After a sharp 43-basis-point rally against the United States dollar on April 13, April 14 trade closed 27 basis points lower at $0.7930 CAD/USD, finding support at the 200-day moving average for a second session, which is calculated at $0.7924 CAD/USD.
During the week, the Canadian dollar gave up 26 basis points against the USD for a second consecutive lower close on the weekly chart, reaching its weakest trade in four weeks. So far this month, the loonie has corrected 81 basis points lower, currently showing the potential for the first monthly loss in three months.
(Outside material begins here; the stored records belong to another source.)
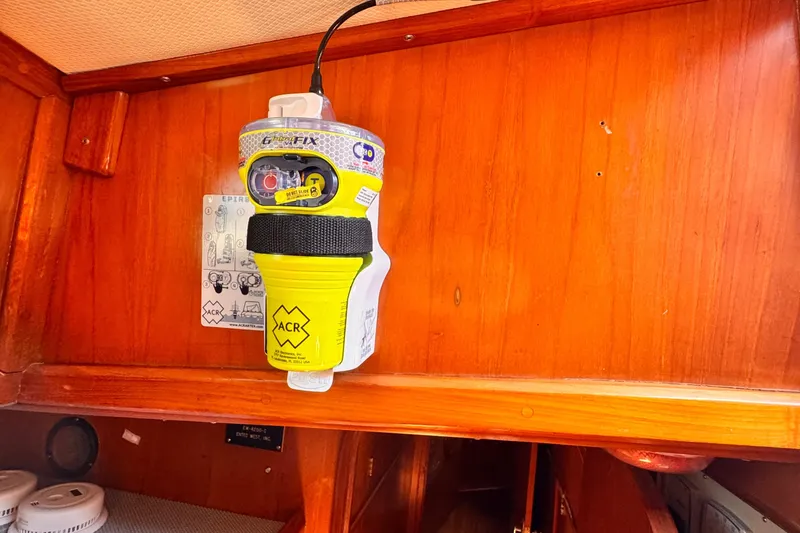 Slide: The Image of Yellow ACR EPIRB mounted on wooden panel inside 1982 Kelly Peterson 46 yacht. - 10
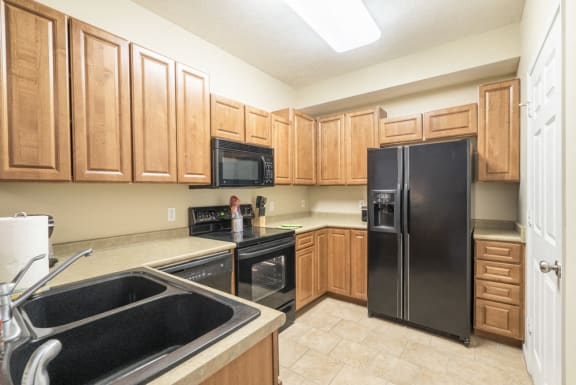 a kitchen with black appliances and warm wooden cabinets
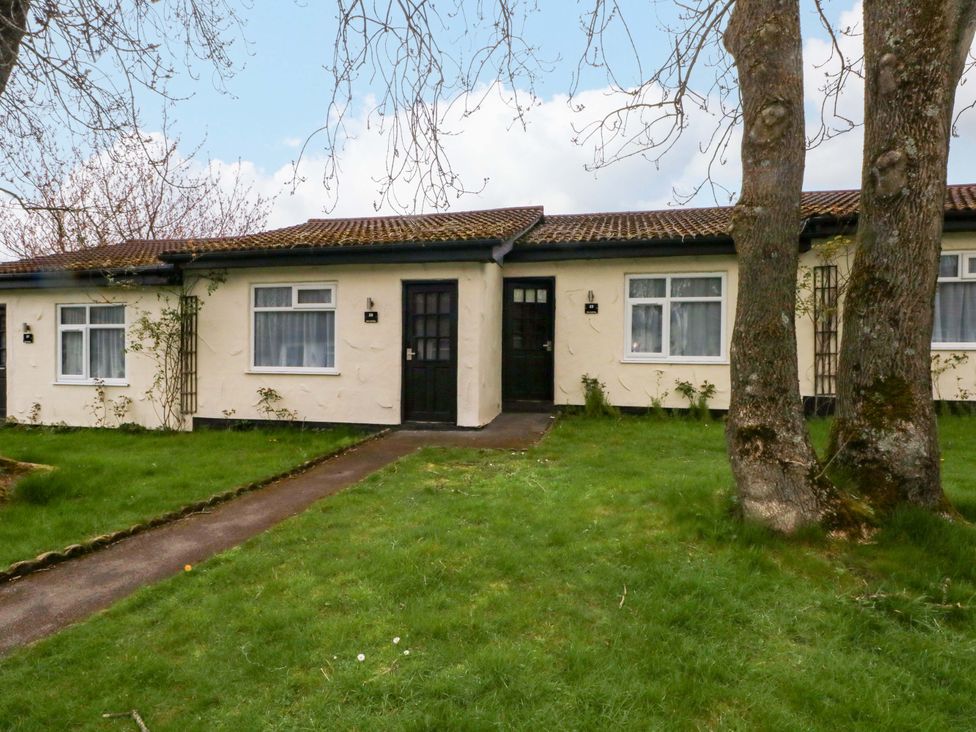 A property with doors and windows surrounded by grass and trees at 2 bed no. 3 in Chorley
This may be viewed as a counter-seasonal move for the Canadian dollar's exchange with the USD. Equityclock.com shows the exchange rate bottoming in January/February/March on average during the past 20 years, only to begin a rally against the USD in March that sees a seasonal high reached in mid-October. The April monthly gain of 1.3% on average over 20 years is the largest average monthly move seen during the year, while the Canadian dollar has shown strength against the USD in April in 75% of the years during the past 20 years ending Dec. 31, 2021.
This week's weakness comes despite the Bank of Canada's 0.5 percentage point rate hike announced on April 13, the largest monthly increase seen in more than 22 years. As well, crude oil strengthened by $8.69/barrel USD or 8.8% this week, which also failed to prevent today's daily loss and the weekly loss.
The blue histogram bars on the lower study shows investors moving from a bullish net long to a bearish net-short and back in recent weeks, searching for direction. CFTC data will updated on April 17.